Kamis, 24 Januari 2019

Air yang Sama, Buah yang Berbeda



بِسْمِ اللَّهِ الرَّحْمَنِ الرَّحِيمِ

“Dan di bumi terdapat bagian-bagian yang berdampingan, kebun-kebun anggur, tanaman-tanaman, pohon kurma yang bercabang, dan yang tidak bercabang; disirami dengan air yang sama, tetapi Kami lebihkan tanaman yang satu dari yang lainnya dalam hal rasanya. Sungguh pada yang demikian itu terdapat tanda-tanda (kebesaran Allah) bagi orang-orang yang mengerti” (Surat Guruh ayat 4)

Maka, ayat tersebut adalah awal mula dibahasnya tulisan ini. Sebuah pernyataan umum dan “biasa saja” yang ada pada sebuah kitab suci. Namun, menjadi sebuah goresan sarat penuh makna bagi yang memahaminya.
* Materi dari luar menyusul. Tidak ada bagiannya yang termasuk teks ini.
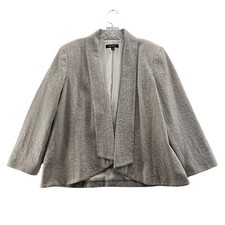 Nine West Women's Short Open Front Coat Size 16 Ivory Black Carnival Long Sleeve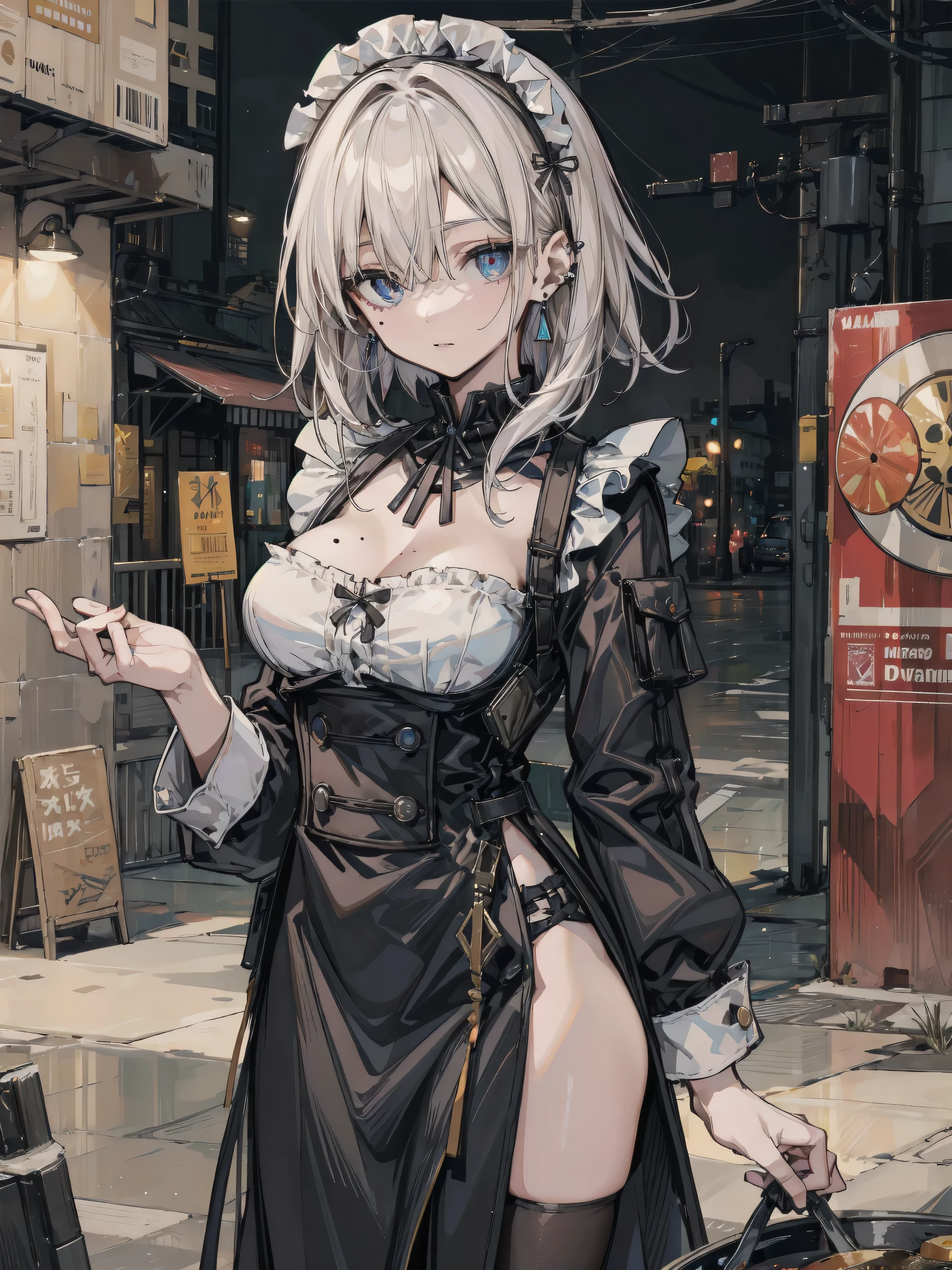 highest quality, masterpiece, long eyelashes, blue eyes punk girl, Dressed in punk clothes, super mini skirt, Sparkling, big breasts, Cat ear, white hair, spread legs, oneesan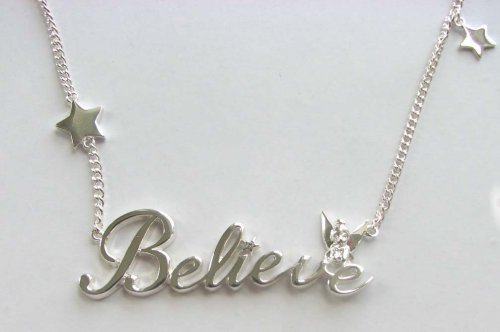 Click here to buy Disney Couture Silver Plated BELIEVE Tinkerbell Necklace ! 08 Kidada Jones Newest Collection We... by Disney Couture.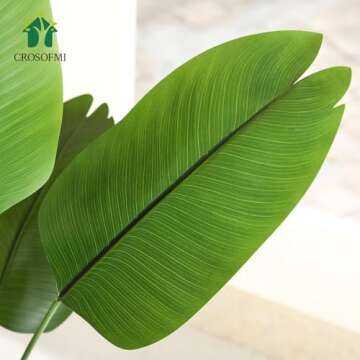 CROSOFMI Artificial Bird of Paradise Plant 6 Feet Fake Tropical Palm Tree with 13 Leaves,Perfect Fau...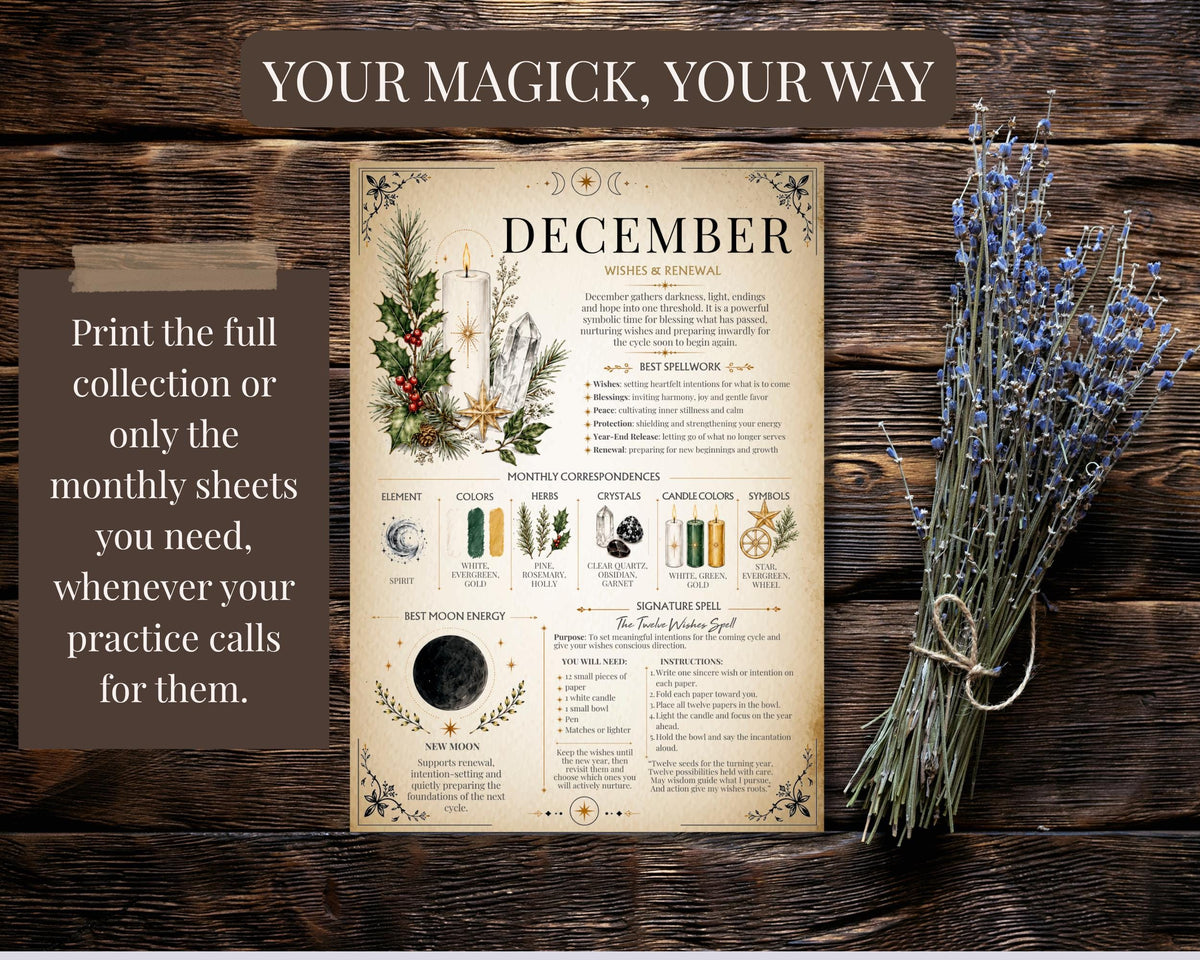 Monthly Witchcraft Reference Sheets, 12 Months of Magick Printable PDF, Book of Shadows Correspondences & Spells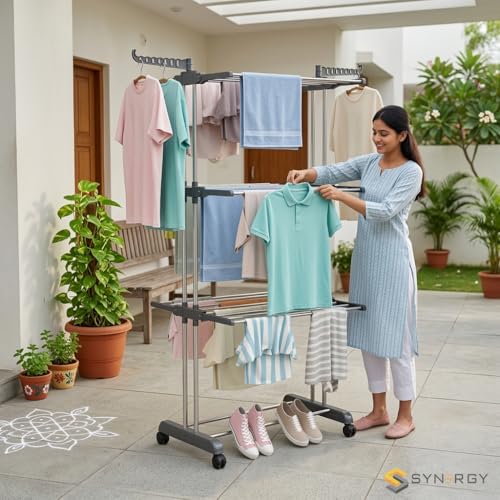Image of Synergy - Premium Heavy Duty Stainless Steel Clothes Drying Stand | Cloth Dryer Stand | Cloth Stand for Drying Clothes Foldable | Cloth Hanging Stand | Cloth Drying Stand (3-Tier) Grey - SY-CS20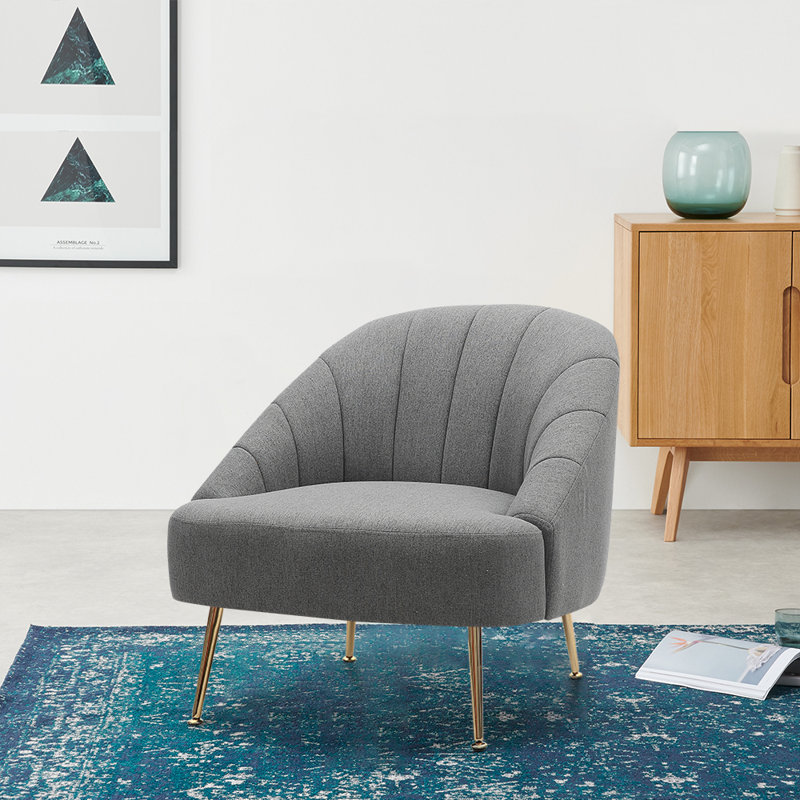 Hrayr Velvet Barrel Chair, Grey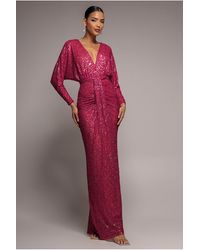 Goddiva - Plunge V-neck Sequin Maxi - Lyst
Dimulai dengan perumpamaan indahnya biodiversitas, baik liar maupun komersial, Tuhan menggambarkan betapa berbagai rupanya vegetasi di muka bumi ini. Lalu, perumpamaan samanya sumber air yang digunakan untuk menyiram, namun rasa yang dihasilkan berbeda. Samanya jenis dan dosis pupuk yang diaplikasikan, rasanya juga beda. Seragamnya lahan dan bahan tanam yang dipakai, rasanya juga tidak persis sama. Mungkin, mungkin, alif-kaf-lam di sini bukan hanya menggambarkan rasa, tapi juga kandungan. Baik itu gula yang dapat diukur dengan skala brix atau kandungan anti-oksidan dengan berbagai metode enzimatis maupun berbagai kandungan lainnya. Maka, secara ilmiah, apa yang bisa kita jawab sebagai ilmuwan dalam menentukan perbedaan penyebab perbedaan tersebut? Genetik jawabannya. Tiap-tiap jenis tanaman yang berbeda spesies pasti memiliki perbedaan yang dapat dikatakan signifikan sehingga menciptakan “perpecahan” dalam satu genus yang sama. Contohnya adalah kelapa sawit (palm oil): Elaeis oleifera sebagai kelapa sawit asli Amerika dan Elaeis guineensis sebagai kelapa sawit yang umum dibudidayakan di Indonesia serta asli dari Afrika. Keduanya tampak sama tapi tak serupa. Yang satu cenderung pendek dan satunya lagi tinggi. Oh, atau dalam bidang entomologi kita dapat menggunakan kunci dikotomus sebagai salah satu metode penentuan jenis suatu serangga. Belum lagi kita berbicara penanda molekuler yang salah satunya berbasis asam nukleat dalam menentukan polimorfisme antar spesies, oh bukan, bahkan yang berasal dari keturunan alias orang tua yang sama sekali pun.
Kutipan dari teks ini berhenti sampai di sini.